Although online experiments allow to collect data from a large and heterogeneous sample of individuals with lesser workload (Buhrmester et al., 2016; Mason & Suri, 2012; Reips, 2002; Sauter et al., 2020), there are methodological limitations that could have impacted our findings. Indeed, a major concern regarding online testing is the potential low level of sustained attention during task execution, which cannot be minutely controlled as in the lab-based context. In the current study we implemented different procedures, in agreement with recent guidelines (Newman et al., 2021; Sauter et al., 2020), to prevent such potential issues. In particular, we rigorously pilot our experiment in the laboratory, and we kept the experiment short and employed simple instructions. A further main challenge of online experiments is to accurately set with high precision the timing of stimuli administration, a relevant point in our study considering the fast rhythmic stimulation administered. Recently, Bridges et al. (2020) found that studies administered online using PsychoPy (the software used in the current study) showed a high precision in the timing of stimulus presentation, supporting the consistency of our findings. Accordingly, recent evidence has successfully implemented sensory stimulation in the alpha band through web-based experiments (De Graaf & Duecker, 2022; Kawashima et al., 2022). Moreover, Marsicano et al. (2022) compared simultaneity judgements of audiovisual events obtained with online testing with similar lab-based results, showing a high degree of overlapping. However, despite the measures adopted, we cannot entirely exclude that a suboptimal stimulus presentation timing could have influenced our results.

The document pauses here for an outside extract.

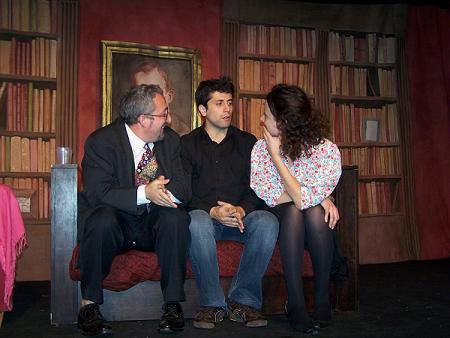 photo des comdiens de la comedie : Nevroses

Another potential limitation of the current study is that the analysis performed with logistic fitting of individual data might have introduce a selection bias toward subjects that did not show the expected pattern of simultaneity rates. Among other factors (e.g., the small number of trials per experimental condition), poor psychometric fitting could be due to the lack of sensitivity of this analysis in capturing different aspects that drive AV perception. As suggested by recent studies (Buergers & Noppeney, 2022; Di Gregorio et al., 2022), the measures derived from the signal detection theory (SDT; i.e., d′ and criterion) may be more sensitive to some aspects of visual and AV temporal resolution (i.e., subjective confidence, prior expectations, top-down biases). Hence, future studies adopting the measures deriving from the SDT will be required to increase analyses sensitivity and differentiate how sensory entrainment and other neuromodulatory approaches can influence different aspects of AV temporal perception.

Overall, our findings might open a new scenario for the online and lab-based use of rhythmic sensory stimulation protocols aimed at improving AV temporal acuity.